══ MATERIAL PROVIDED

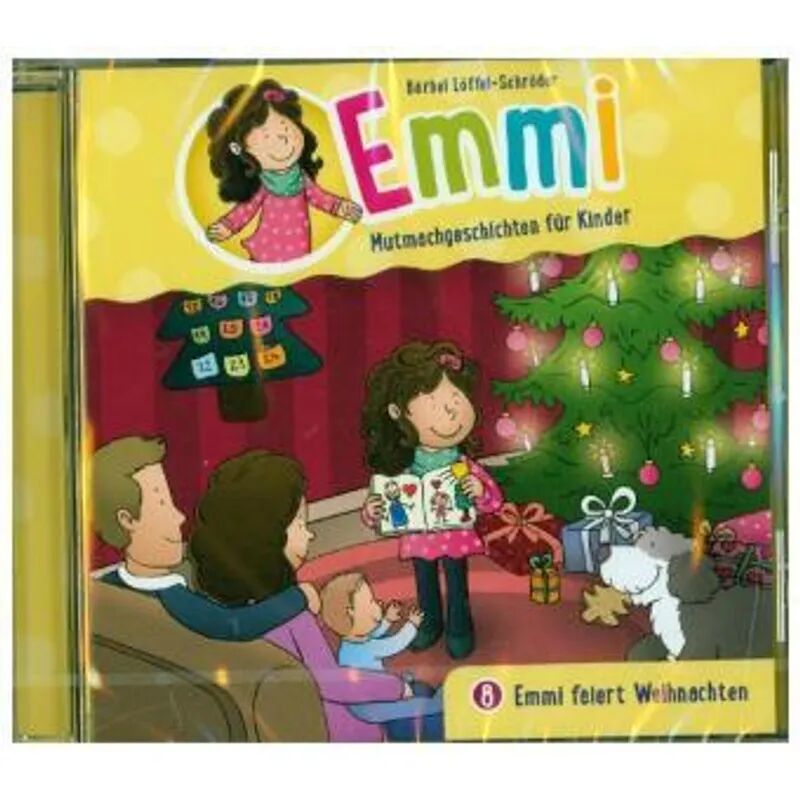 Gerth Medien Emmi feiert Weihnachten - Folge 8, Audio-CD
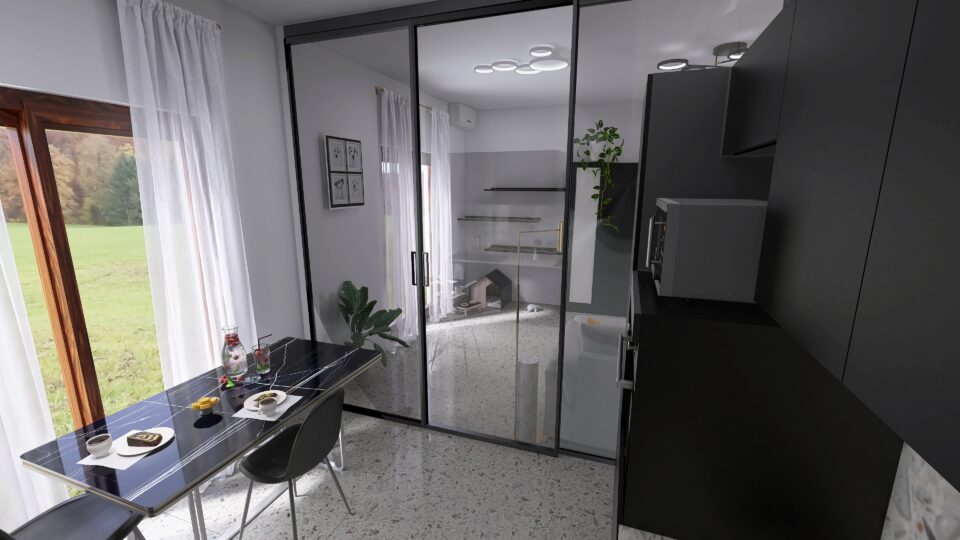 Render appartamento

════
══ MATERIAL PROVIDED

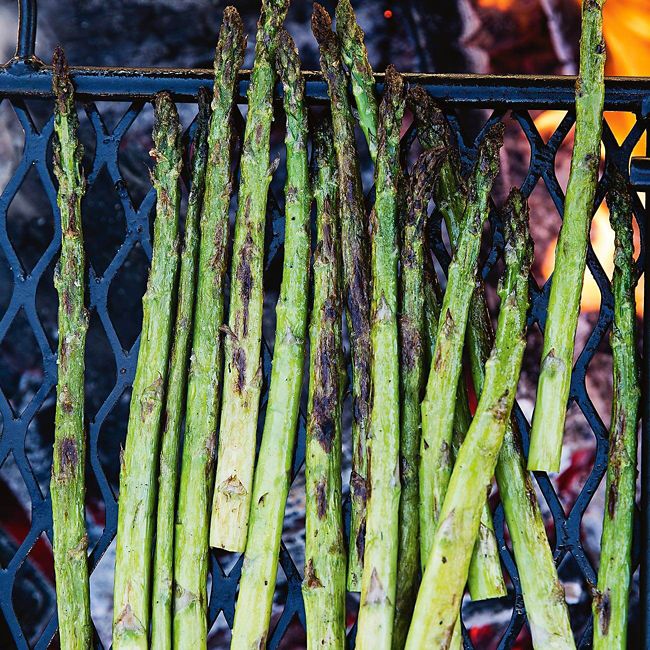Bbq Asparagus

════

◆ THE PROBLEM ◆
Your task is to copy only the lines above starting at the one containing "Gerth Medien Emmi" and ending at the one containing "Render appartamento". Copy them exactly, both ends included, and omit the pictures.

◆ SOLUTION BELOW ◆
 Gerth Medien Emmi feiert Weihnachten - Folge 8, Audio-CD
 Render appartamento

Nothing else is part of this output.